Tuesday, August 7, 2018

Article by Rob Sass

The World Cup of car events, Monterey Car Week, is nearly upon us. In addition to the Porsche Club of America’s Werks Reunion, the Carmel Concours on the Avenue, Concorso Italiano, the Quail Motorsports Gathering, Concours d’ LeMons, a ton of other stuff I can’t remember, and a little thing called the Pebble Beach Concours d’Elégance, the six major auction houses are bringing their A-game. It’s anyone’s call as to how things will go, but a late 2017 change in the tax code that no longer allows collectors to defer gains on the sale of collector cars by exchanging them for another may have put a slight damper on high-end sales in Scottsdale. Now, the threat of a 25% tariff on imported cars possibly looming might have the opposite effect, motivating certain buyers and sellers. Pebble Beach has brought some predictably heavy-duty cars out of the woodwork including a Ferrari 250 GTO that will likely be the most expensive car ever sold at auction. While Ferrari might dominate the headlines for the absolute high sale, judging by the sheer number of cars consigned, Porsche is firmly in the drivers’ seat in the collector car market. Here are 10  Porsches in every price range that we’ll be paying attention to:

1989 Porsche 944 Turbo (Gooding Lot #172)

Courtesy Gooding & Co.

Low-mileage transaxle cars have been showing up at big-time catalog auctions recently, and they’ve been doing quite well.
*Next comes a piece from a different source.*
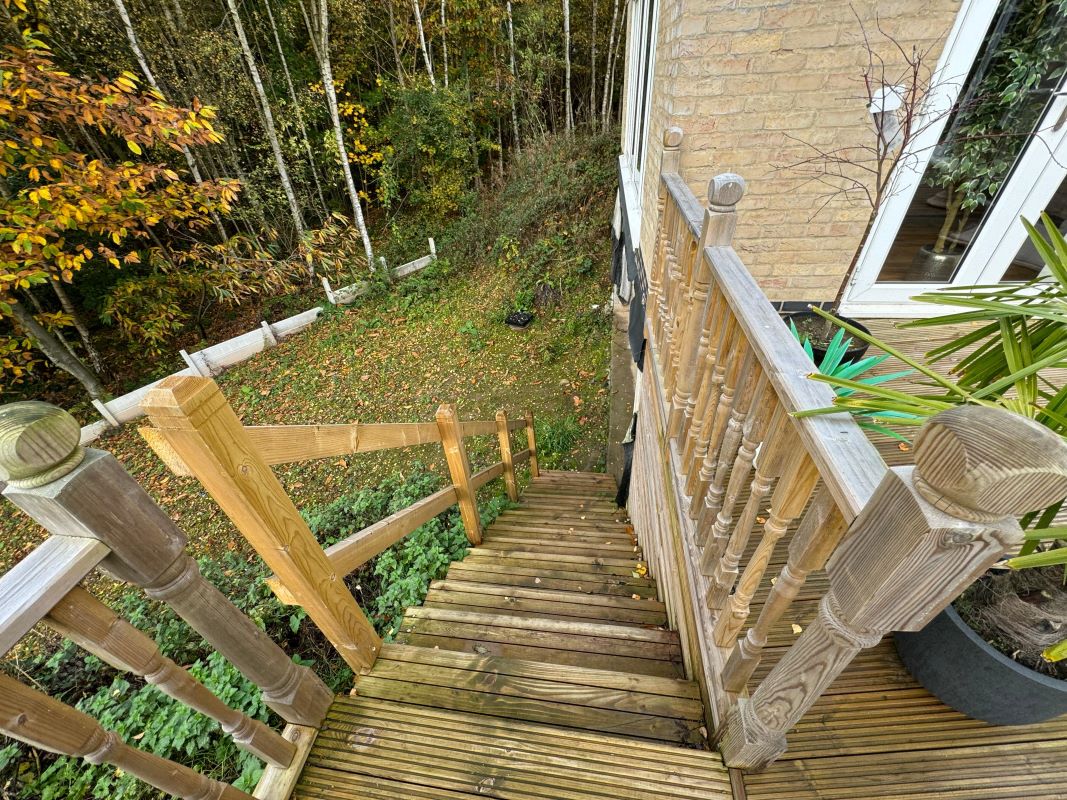 20 Acres of Land & Outbuildings Nottingham Road, Ravenshead, Nottinghamshire, NG15 9HN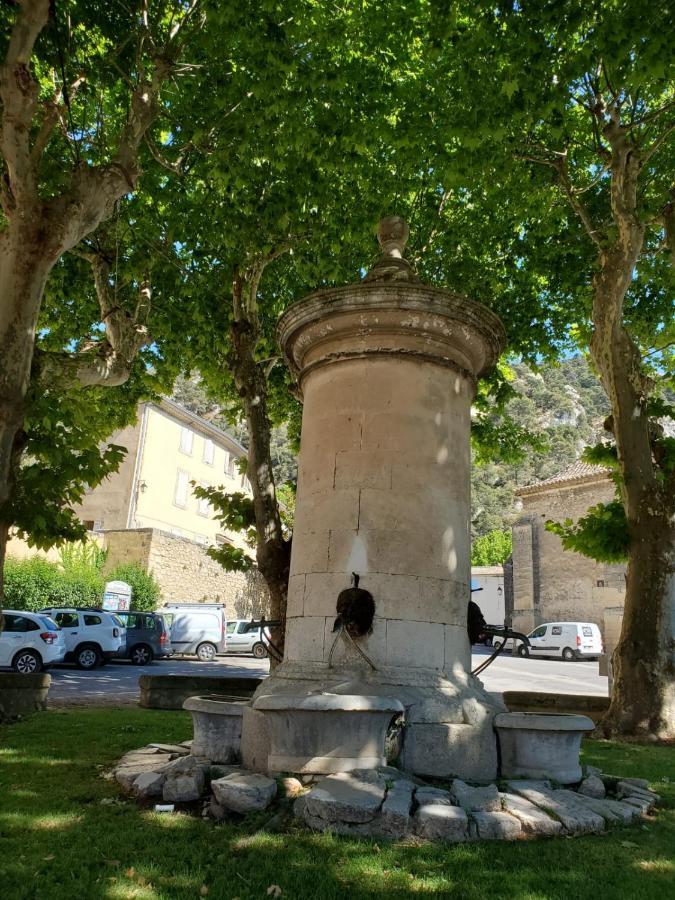 L'Oliveraie Robion en Luberon Luaran gambar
Coming on the heels of some big results for a superb (but ordinary spec) 944 in Scottsdale is this ’89 Turbo. Arguably, this is the 951 that you want the most: It’s the final year (with the 250 horsepower of the 1988 Turbo S) in the iconic Guards Red over black livery with just 8,400 miles. The pre-sale estimate is an ambitious $80,000 to $120,000. But it’s being sold without reserve, so anything can happen. Anything but perhaps someone stealing this thing for forty grand. Look for it to do at least the low estimate, but it’s certainly possible that two determined bidders could push this museum-quality 944 Turbo well above $120,000. Either way, it’s likely going to set a record for a production 944. As an aside, RM/Sotheby’s has a 15,000 mile ’87 944S with a pre-sale estimate of $30,000 to $40,000.

1955 550 Spyder (Gooding Lot # 51) and 1958 550A Spyder (Mecum Lot #S91)

Above: 1955 Porsche 550 Spyder. Photo courtesy Gooding & Co.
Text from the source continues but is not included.